Wide receiver Rashod Bateman has been activated from the physically unable to perform list and is on the practice field for the first time at Ravens training camp.
Bateman is coming off Lisfranc foot surgery that he underwent last November. He participated in a limited capacity during Ravens OTAs but was shut down for minicamp after getting a cortisone shot in his foot.
Bateman started training camp on the PUP list as he continued to deal with soreness.
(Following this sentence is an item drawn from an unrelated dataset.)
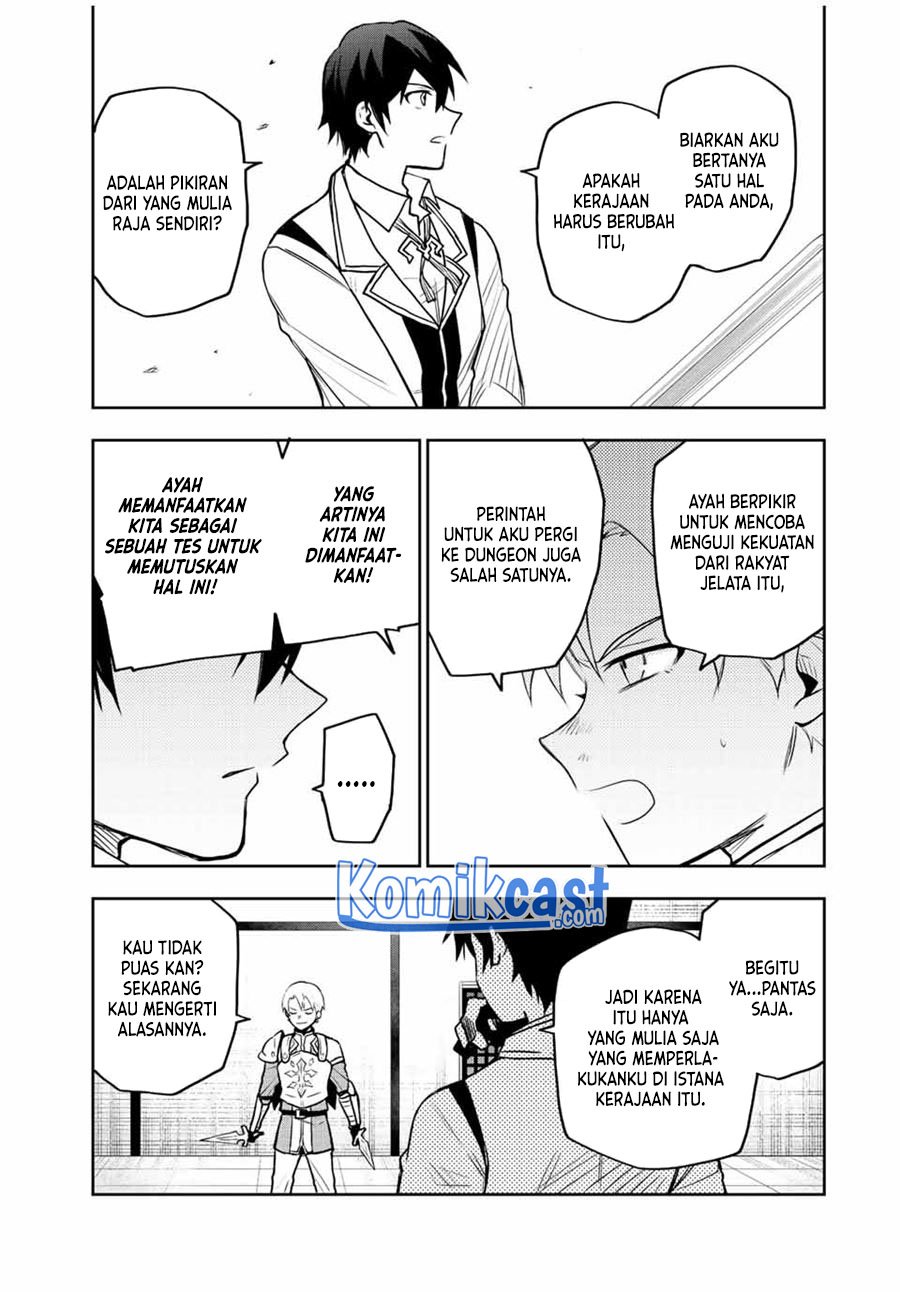 A Court Magician, Who Was Focused On Supportive Magic Because His Allies Were Too Weak, Aims To Become The Strongest After Being Banished Chapter 23 - halaman 16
He has missed 12 days of practice, but the regular season is still a month away, giving Bateman time to get up to speed.
"Bateman's Lisfranc surgery is good; he's fine," Head Coach John Harbaugh said after the first day of training camp. "But with that, sometimes other areas compensate and get a little sore, and that's what we're dealing with."
The third-year receiver is projected to start opposite Odell Beckham Jr. this season and be a key ingredient to unlocking the full potential of Baltimore's passing game under first-year Offensive Coordinator Todd Monken.
A first-round pick in 2021, Bateman has flashed his premier talent when healthy. After missing the first five games of his rookie season due to core muscle surgery, he caught 46 passes for 515 yards and one touchdown.
He got off to a strong start last season, when he was the clear No. 1 receiver. In the first three games, Bateman averaged 75 receiving yards per game and scored two long touchdowns – a 55-yard bomb against the Jets and 75-yard slant versus the Dolphins. He suffered his foot injury in Week 4, sat out the next two games, then tried to play the following two but wasn't the same and opted to undergo surgery.
Bateman's big-play potential, paired with his slick route-running, will help open up the Ravens offense alongside Beckham, rookie first-round pick Zay Flowers, Nelson Agholor, tight end Mark Andrews and others. The arrival of more weapons should also help Bateman get more single coverage.
Now it's a matter of getting practice reps with the first-team offense, continuing to work through the process of coming back from foot surgery, and staying healthy. That process begins now.